»»

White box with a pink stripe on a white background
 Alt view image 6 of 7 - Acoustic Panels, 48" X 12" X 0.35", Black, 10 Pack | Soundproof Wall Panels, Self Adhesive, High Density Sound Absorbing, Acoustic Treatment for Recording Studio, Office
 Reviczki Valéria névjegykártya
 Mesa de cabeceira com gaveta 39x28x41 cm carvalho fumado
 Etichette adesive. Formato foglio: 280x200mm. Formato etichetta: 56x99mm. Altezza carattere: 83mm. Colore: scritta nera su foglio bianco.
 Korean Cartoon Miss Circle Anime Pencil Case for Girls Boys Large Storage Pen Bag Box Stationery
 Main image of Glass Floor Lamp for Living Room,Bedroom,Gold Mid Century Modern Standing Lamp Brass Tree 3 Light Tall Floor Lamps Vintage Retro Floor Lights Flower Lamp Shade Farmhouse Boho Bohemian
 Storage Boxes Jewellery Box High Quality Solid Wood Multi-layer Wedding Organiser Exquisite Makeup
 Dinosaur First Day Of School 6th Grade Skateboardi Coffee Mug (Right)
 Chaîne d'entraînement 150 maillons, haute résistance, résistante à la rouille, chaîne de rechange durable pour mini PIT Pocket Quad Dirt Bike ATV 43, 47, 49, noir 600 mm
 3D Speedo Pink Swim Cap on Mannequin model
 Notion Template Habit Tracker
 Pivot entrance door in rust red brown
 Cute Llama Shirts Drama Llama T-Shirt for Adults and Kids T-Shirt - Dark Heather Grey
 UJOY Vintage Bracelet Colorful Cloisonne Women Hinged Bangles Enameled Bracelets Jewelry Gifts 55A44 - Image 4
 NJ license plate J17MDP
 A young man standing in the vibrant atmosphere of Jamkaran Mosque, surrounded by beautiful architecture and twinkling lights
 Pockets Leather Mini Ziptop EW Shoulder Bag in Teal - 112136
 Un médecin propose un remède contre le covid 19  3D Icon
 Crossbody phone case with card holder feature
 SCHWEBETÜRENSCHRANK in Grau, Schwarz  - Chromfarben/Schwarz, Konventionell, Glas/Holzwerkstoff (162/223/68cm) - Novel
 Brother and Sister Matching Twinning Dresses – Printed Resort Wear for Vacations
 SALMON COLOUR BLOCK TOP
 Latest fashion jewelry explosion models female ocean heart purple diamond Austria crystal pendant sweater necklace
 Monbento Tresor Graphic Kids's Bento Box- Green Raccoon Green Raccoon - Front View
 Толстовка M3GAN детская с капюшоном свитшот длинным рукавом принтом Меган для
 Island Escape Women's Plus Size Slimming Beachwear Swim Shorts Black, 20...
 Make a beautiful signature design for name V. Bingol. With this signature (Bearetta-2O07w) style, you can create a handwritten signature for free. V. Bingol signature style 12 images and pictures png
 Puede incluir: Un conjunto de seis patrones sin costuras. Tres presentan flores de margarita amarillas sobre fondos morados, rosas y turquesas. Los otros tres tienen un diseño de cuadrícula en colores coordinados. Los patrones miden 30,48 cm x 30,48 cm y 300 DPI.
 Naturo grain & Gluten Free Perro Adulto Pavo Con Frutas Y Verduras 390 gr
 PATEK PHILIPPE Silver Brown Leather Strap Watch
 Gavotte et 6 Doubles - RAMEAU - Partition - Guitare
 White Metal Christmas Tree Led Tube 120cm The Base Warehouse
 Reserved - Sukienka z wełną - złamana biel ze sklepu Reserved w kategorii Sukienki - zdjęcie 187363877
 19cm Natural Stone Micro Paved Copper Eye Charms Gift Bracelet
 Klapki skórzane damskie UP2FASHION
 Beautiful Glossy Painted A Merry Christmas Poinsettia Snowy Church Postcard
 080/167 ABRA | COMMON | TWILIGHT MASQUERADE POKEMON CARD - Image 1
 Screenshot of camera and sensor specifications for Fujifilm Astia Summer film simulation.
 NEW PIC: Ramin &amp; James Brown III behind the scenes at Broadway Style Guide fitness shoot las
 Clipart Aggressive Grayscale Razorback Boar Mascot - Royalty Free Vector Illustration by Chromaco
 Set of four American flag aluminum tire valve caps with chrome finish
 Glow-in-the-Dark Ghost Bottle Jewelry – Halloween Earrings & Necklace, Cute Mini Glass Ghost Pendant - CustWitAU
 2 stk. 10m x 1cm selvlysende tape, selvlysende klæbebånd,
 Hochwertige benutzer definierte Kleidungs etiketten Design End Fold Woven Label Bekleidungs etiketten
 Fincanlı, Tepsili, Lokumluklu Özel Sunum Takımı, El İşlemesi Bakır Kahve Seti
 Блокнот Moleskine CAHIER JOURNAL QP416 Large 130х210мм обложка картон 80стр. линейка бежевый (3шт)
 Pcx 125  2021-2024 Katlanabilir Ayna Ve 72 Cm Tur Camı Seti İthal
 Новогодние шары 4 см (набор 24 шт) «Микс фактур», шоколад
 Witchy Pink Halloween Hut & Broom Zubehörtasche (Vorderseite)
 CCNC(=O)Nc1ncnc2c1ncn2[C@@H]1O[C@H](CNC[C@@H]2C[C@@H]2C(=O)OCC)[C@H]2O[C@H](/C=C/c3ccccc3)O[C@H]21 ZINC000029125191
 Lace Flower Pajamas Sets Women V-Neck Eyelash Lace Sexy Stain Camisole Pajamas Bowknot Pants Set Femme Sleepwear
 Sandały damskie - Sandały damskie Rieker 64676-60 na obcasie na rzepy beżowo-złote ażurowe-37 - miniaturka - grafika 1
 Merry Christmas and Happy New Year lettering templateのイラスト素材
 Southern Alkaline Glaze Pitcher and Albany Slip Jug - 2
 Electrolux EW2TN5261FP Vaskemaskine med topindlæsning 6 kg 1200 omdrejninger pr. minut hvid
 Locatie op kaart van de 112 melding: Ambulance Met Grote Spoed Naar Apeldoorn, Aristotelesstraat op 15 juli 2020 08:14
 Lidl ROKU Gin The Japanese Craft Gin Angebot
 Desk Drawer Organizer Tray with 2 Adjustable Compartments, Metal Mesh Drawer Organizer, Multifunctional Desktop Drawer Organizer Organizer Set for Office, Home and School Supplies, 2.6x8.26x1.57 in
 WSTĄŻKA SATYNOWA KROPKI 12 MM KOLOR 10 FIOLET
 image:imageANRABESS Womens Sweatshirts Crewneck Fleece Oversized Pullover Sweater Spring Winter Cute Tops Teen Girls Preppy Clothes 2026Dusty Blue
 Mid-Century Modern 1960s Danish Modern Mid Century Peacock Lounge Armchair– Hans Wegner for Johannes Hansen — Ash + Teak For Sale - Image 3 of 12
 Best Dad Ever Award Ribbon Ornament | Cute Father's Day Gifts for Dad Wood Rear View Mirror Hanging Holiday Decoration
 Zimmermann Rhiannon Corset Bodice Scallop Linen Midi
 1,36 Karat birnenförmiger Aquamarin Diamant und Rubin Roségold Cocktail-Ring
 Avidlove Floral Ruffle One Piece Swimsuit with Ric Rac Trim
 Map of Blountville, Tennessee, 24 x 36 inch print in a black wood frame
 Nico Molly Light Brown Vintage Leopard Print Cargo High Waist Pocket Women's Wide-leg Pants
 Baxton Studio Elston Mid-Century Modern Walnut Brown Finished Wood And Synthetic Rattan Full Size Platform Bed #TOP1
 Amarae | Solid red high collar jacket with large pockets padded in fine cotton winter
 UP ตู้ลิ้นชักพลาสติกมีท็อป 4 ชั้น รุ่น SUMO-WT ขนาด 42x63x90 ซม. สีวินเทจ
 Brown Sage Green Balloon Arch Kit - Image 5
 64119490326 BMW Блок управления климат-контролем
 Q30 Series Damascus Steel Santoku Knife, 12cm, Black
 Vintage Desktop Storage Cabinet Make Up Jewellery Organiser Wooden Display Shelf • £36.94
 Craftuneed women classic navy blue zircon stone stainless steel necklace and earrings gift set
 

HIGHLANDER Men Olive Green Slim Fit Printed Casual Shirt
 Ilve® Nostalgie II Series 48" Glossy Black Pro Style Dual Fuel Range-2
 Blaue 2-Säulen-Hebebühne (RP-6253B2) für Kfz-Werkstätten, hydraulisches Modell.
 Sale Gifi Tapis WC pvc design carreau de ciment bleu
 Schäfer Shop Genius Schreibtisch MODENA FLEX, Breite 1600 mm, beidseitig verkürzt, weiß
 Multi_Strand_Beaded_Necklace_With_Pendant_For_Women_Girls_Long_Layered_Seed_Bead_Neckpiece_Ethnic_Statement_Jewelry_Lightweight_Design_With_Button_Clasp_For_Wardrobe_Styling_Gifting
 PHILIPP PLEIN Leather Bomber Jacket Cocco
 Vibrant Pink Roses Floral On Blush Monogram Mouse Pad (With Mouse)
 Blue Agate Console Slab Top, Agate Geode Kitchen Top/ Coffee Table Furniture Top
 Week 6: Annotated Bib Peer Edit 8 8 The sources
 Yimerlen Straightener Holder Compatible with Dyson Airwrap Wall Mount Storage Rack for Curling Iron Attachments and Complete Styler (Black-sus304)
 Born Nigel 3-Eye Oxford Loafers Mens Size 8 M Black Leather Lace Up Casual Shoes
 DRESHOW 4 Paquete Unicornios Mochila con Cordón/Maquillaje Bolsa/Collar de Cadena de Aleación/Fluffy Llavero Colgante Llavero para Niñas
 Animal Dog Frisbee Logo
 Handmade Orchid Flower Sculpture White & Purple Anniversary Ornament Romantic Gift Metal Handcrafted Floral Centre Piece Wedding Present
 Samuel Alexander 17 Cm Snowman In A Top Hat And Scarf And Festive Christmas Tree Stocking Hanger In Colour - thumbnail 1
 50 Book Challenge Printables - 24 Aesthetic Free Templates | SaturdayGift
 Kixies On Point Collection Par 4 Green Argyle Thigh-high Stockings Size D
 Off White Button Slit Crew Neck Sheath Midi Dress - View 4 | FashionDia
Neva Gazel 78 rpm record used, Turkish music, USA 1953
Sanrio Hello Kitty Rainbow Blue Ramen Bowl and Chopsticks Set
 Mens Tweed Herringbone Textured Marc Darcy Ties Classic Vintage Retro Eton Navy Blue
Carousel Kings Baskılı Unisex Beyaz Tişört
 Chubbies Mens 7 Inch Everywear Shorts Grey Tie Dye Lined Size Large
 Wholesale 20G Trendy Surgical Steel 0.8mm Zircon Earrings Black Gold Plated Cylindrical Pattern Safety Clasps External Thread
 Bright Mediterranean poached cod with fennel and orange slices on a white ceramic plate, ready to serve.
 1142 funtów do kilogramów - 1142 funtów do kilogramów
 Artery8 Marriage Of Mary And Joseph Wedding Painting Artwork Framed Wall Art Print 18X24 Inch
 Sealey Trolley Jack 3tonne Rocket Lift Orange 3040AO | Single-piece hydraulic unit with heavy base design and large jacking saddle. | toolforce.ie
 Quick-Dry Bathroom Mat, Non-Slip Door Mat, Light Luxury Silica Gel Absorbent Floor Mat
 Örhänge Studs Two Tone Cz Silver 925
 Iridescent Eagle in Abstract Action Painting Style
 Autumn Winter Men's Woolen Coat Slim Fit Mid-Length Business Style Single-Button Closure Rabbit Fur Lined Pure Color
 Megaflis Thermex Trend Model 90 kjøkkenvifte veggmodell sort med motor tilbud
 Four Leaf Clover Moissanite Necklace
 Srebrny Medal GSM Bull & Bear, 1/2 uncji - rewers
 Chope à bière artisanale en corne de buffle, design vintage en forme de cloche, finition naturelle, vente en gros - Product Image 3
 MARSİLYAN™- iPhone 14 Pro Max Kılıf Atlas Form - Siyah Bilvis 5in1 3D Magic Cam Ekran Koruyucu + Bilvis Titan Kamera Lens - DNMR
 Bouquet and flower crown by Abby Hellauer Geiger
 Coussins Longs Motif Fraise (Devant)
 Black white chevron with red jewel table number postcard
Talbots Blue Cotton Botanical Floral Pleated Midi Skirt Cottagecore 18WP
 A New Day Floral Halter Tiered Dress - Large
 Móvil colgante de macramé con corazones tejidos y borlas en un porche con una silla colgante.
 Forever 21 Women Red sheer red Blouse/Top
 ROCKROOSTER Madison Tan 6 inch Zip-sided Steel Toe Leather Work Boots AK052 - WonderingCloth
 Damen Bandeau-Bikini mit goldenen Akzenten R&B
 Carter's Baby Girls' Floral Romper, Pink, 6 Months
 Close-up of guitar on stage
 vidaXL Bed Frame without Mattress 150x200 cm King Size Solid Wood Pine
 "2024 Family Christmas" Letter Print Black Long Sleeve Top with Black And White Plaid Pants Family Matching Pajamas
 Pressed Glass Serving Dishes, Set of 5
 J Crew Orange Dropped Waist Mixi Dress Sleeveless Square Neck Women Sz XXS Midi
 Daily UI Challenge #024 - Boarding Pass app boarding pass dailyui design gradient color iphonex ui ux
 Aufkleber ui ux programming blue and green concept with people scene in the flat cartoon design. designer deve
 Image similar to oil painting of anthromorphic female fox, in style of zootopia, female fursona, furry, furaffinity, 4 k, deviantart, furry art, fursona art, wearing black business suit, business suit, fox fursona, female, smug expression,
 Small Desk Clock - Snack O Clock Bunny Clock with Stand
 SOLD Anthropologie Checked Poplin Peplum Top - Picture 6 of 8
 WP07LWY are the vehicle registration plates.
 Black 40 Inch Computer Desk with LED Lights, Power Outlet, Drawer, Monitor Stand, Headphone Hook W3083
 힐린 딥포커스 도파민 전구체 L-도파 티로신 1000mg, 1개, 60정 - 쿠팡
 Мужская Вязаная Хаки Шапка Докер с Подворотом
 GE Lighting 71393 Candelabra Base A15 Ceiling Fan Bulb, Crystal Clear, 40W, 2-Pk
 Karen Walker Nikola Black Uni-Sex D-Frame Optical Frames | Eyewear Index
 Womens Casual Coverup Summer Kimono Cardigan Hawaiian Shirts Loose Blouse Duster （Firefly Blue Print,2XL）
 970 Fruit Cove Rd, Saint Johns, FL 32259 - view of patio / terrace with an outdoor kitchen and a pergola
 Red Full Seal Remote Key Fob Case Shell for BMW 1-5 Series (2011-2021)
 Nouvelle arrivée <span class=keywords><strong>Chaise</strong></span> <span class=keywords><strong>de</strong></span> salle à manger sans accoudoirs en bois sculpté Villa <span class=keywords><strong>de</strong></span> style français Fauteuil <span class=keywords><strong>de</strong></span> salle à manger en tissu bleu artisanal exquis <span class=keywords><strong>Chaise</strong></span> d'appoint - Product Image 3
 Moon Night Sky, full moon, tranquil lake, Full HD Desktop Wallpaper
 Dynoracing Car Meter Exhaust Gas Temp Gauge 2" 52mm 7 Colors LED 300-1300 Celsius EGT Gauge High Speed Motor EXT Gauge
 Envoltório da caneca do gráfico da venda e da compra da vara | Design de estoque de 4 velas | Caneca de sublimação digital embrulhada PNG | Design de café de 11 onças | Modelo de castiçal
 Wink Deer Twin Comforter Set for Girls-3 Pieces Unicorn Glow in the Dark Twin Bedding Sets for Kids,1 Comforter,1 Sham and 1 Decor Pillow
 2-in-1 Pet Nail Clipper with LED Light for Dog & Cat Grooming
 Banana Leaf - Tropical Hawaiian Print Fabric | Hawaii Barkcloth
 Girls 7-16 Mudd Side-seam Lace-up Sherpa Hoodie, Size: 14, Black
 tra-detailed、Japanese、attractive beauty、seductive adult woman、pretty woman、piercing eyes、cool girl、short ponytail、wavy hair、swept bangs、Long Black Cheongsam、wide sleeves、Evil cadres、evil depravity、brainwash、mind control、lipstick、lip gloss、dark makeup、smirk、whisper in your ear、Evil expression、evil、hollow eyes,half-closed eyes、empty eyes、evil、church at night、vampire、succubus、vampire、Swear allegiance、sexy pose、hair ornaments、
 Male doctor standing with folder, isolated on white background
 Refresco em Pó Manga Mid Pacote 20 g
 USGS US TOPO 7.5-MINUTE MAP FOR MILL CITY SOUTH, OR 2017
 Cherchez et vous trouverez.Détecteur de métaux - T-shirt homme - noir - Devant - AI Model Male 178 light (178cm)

««

» Exercise directions
Find each line in the listing above that contains "Glass", and copy that line.

» Answer to this problem
 Main image of Glass Floor Lamp for Living Room,Bedroom,Gold Mid Century Modern Standing Lamp Brass Tree 3 Light Tall Floor Lamps Vintage Retro Floor Lights Flower Lamp Shade Farmhouse Boho Bohemian
 Glow-in-the-Dark Ghost Bottle Jewelry – Halloween Earrings & Necklace, Cute Mini Glass Ghost Pendant - CustWitAU
 Pressed Glass Serving Dishes, Set of 5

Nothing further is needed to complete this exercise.